Did I feel ridiculous after the curtain closed on a gripping drama set in the Bronx that asks moral questions (what is right?), relives American history (the unrest of the 1960s), and makes people think (Father Flynn: guilty or not?). The play, starring Tennessee's own Cherry Jones as Sister Aloysius, moved to Broadway's Walter Kerr Theatre within months, earning two Obie Awards, four Tonys, and a Pulitzer Prize for Drama in 2005.
Doubt makes its regional debut on September 28th at Playhouse on the Square. The play stars local actors Ann Marie Hall as Sister Aloysius and Michael Gravois as Father Flynn, the affable priest trying to soften the strictures of Catholicism in 1964 with an accessible clerical style. Or is he more dangerous?
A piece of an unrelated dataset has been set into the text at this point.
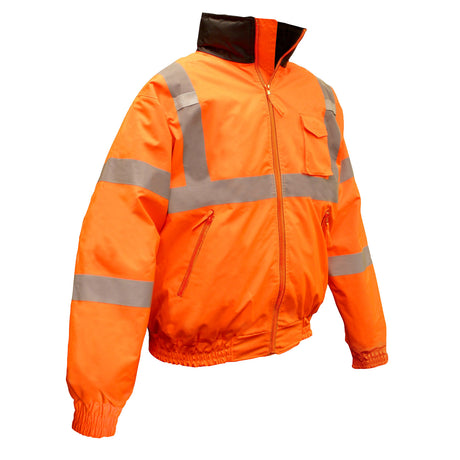 Radians SJ11Q-3ZOS-L Large Class 3 Quilted Bomber Jacket - Orange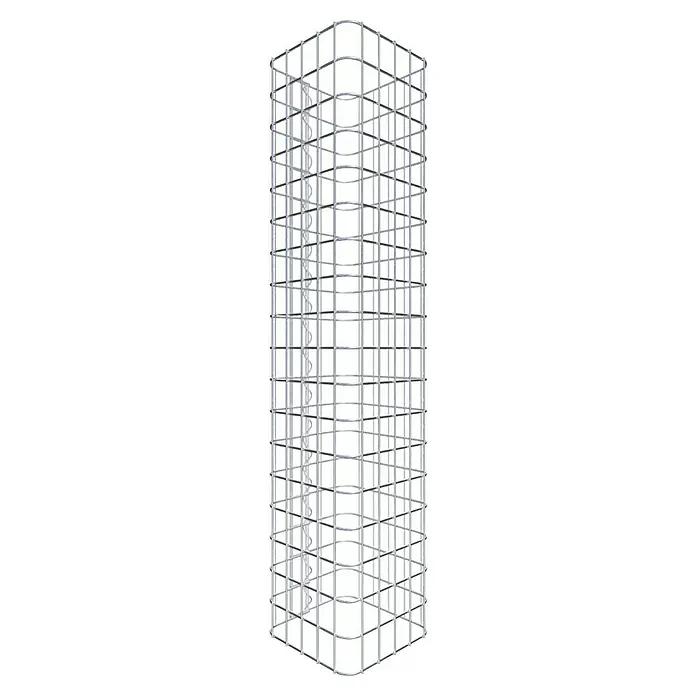 Gabiona Gabionensäule - 27 x 27 x 90 cm, Stahl, Maschenbreite: 50 mm, Maschenhöhe: 50 mm - Darstellung eines dreidimensionalen Gitterturms. Das Metallgerüst zeigt ein wiederholendes Muster aus Quadraten und Halbkreisen.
There are no clear-cut answers in Shanley's play, rather a finely layered framework for considering faith, relationships, and human behavior.
"Audiences always leave Doubt with divided opinions about Father Flynn," Hall says, crediting the playwright's language and complex characters for the play's thoughtful ambiguity.
"At first, it's easy to discard Sister Aloysius as rigid, but she's not that way at all," Hall says. "She's a woman caught in a situation who is working very hard to make the right decision, and this gives her character many different dimensions."